Rational Solutions include (2/3, 1/9), (3/4, 1/8), (1/4, 1/49), (1/5, 1/25) and (125/722, 495/13718).

I've found these by taking any two points I already know (found from guess and check to start), finding the equation of the line between them, and then using Wolfram Alpha to find the third point for me (reasoning that any cubic equation must have three solutions, and if two are rational, so too must be the third, as irrational roots come in pairs).

Also, I know that $x$, $x+1$, and $2x+1$ are all coprime, and must somehow be composed of 2, 3, 5, 7, and square numbers, but this isn't leading me very far.

I have looked in to Vieta jumping/root flipping, setting $x*(x+1)*(2x+1)/210=k$ and trying to show that k must be a square number, but I've failed to do that and anyways, I don't see how that would lead me to a value of x or k.
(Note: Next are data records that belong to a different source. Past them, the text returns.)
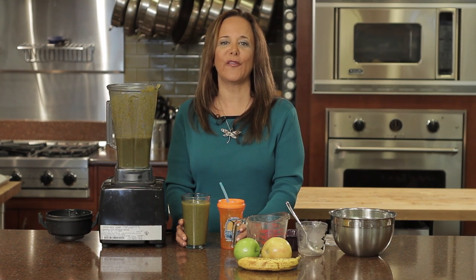This has been How to Hide Vegetables in Smoothies. I'm Dr. Linda Joy Rose for eHow.com, coming to you from the beautiful Rolling Pin in Brandon, Florida.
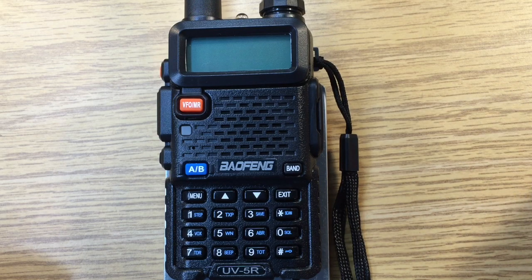This is David WA9ONY. We're going to check the Baofeng UV5R factory settings. Brand new UV5R here.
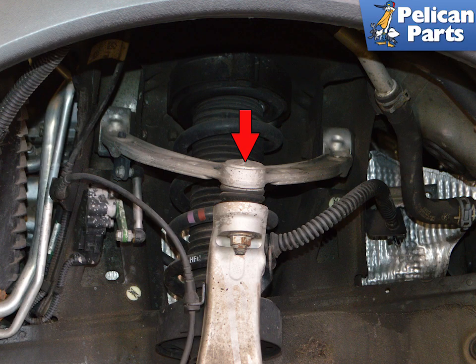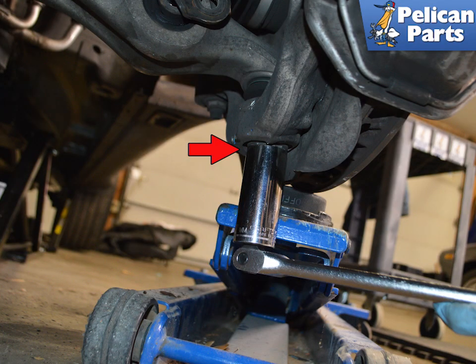You will need to secure the upper control arm to the top of the wheel housing in order to prevent the wheel carrier from dropping. Porsche recommends using a spring compressor tool number VW 552 to do so. If you do not have access to one, fix the upper control arm in place with some rope. Then remove the floor jack.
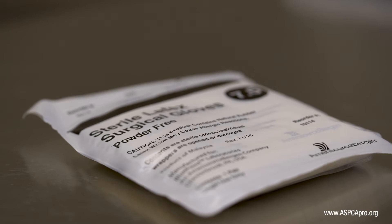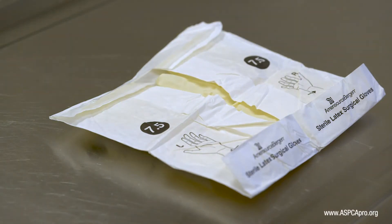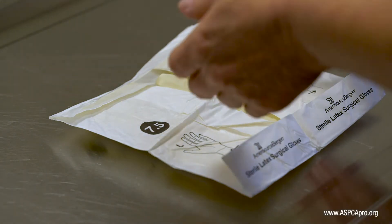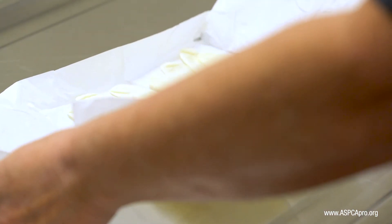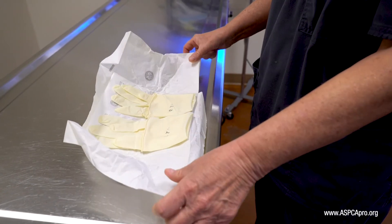Performing open gloving with good technique ensures sterility. To begin, carefully open the glove pack. Some surgeons prefer to fold the paper edge nearest to them underneath, as this helps keep it open.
• You have rediscovered the "chord and tangent" process. Well done! Commented Jun 18, 2016 at 3:10
• The similar-looking equation, $6y^2=x(x+1)(2x+1)$, is very famous, as it asks for a pyramid of cannonballs to contain a square number of cannonballs. I'm sure you'll find many references to it on the web, and maybe they will give you some idea of the kinds of methods used to deal with such equations. Commented Jun 18, 2016 at 3:15
• @GerryMyerson: Yes, he/she is essentially looking for a square pyramidal number $P_n=\frac{1}{6}n(n+1)(2n+1)$ such that $P_n = 35y^2$. (The cannonball problem has $P_n=y^2$ and has well-known solution $P_{24}$.) Robert Israel showed that $P_{840}$ is a "large" solution to dora's problem. Makes me wonder for what $d$ does $P_n = dy^2$ have interestingly large solutions. Commented Jun 18, 2016 at 5:25

This being an elliptic curve, Siegel's theorem says there are only finitely many integer points. But you did miss some: $(-1,0)$ and $(840, \pm 2378)$.